Image-text web data
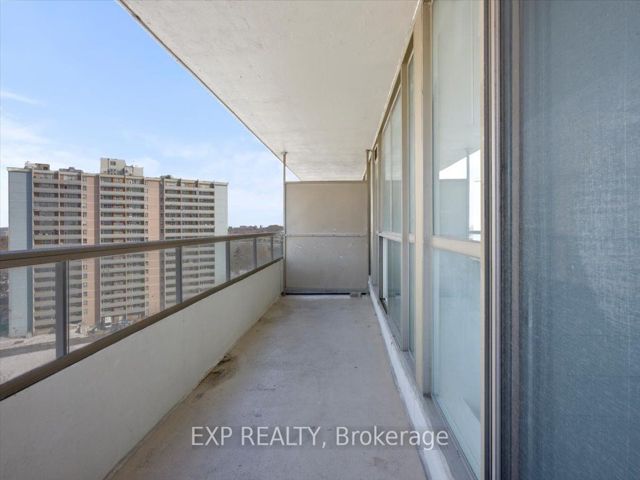 1204 - 5 Greystone Walk Dr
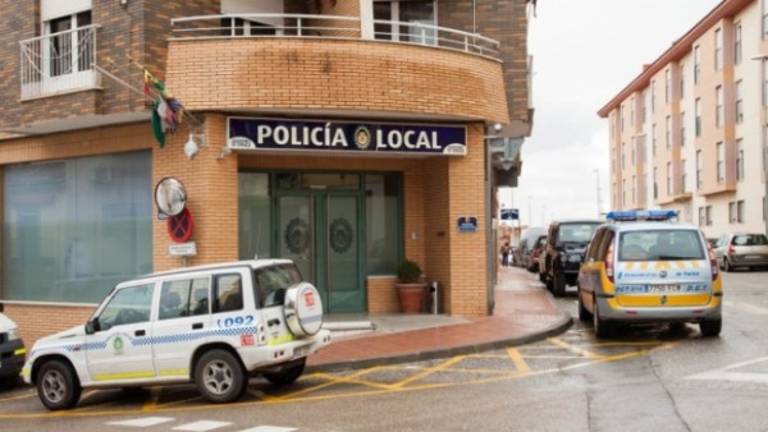 Condenados dos policías por quedarse objetos decomisados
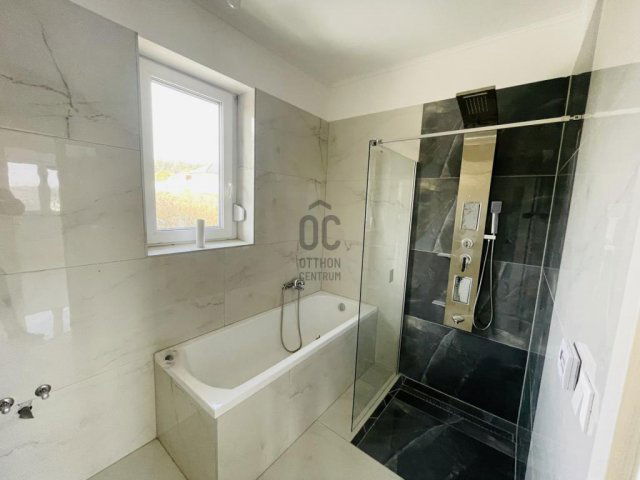 Eladó családi ház, Kerepesen 112 M Ft, 4 szobás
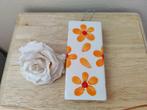 Vintage retro keramieken radiatorbakje met oranje bloemen, Verzenden, Gebruikt
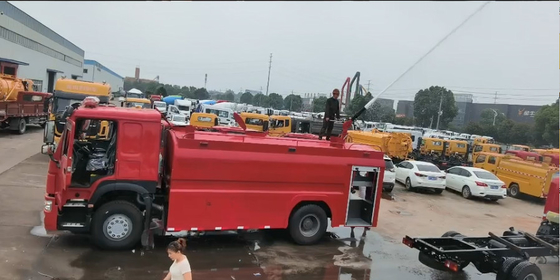 کامیون پاشش آب فشار قوی Sinotruk HOWO Fire Fighting Water Spray Truck 10000L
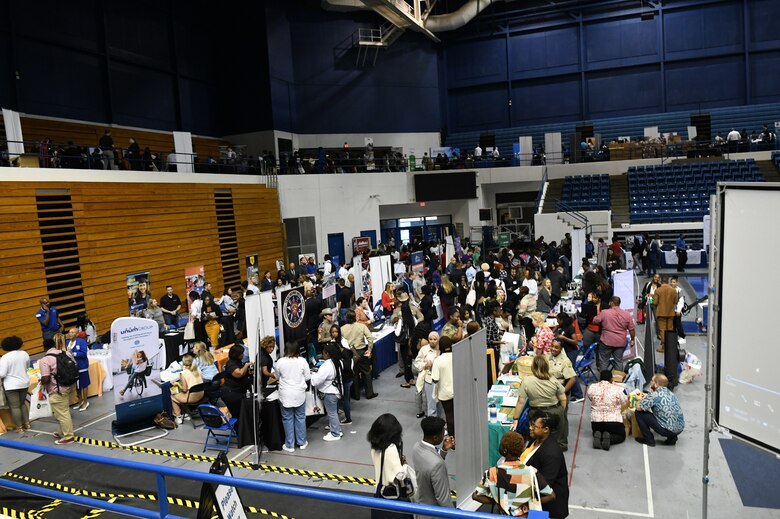 Nashville District recruits future Corps employees at TSU career fair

Assignment: Repeat the entries faithfully. Any picture gets left out.

Answer area:
 1204 - 5 Greystone Walk Dr
 Condenados dos policías por quedarse objetos decomisados
 Eladó családi ház, Kerepesen 112 M Ft, 4 szobás
 Vintage retro keramieken radiatorbakje met oranje bloemen, Verzenden, Gebruikt
 کامیون پاشش آب فشار قوی Sinotruk HOWO Fire Fighting Water Spray Truck 10000L
 Nashville District recruits future Corps employees at TSU career fair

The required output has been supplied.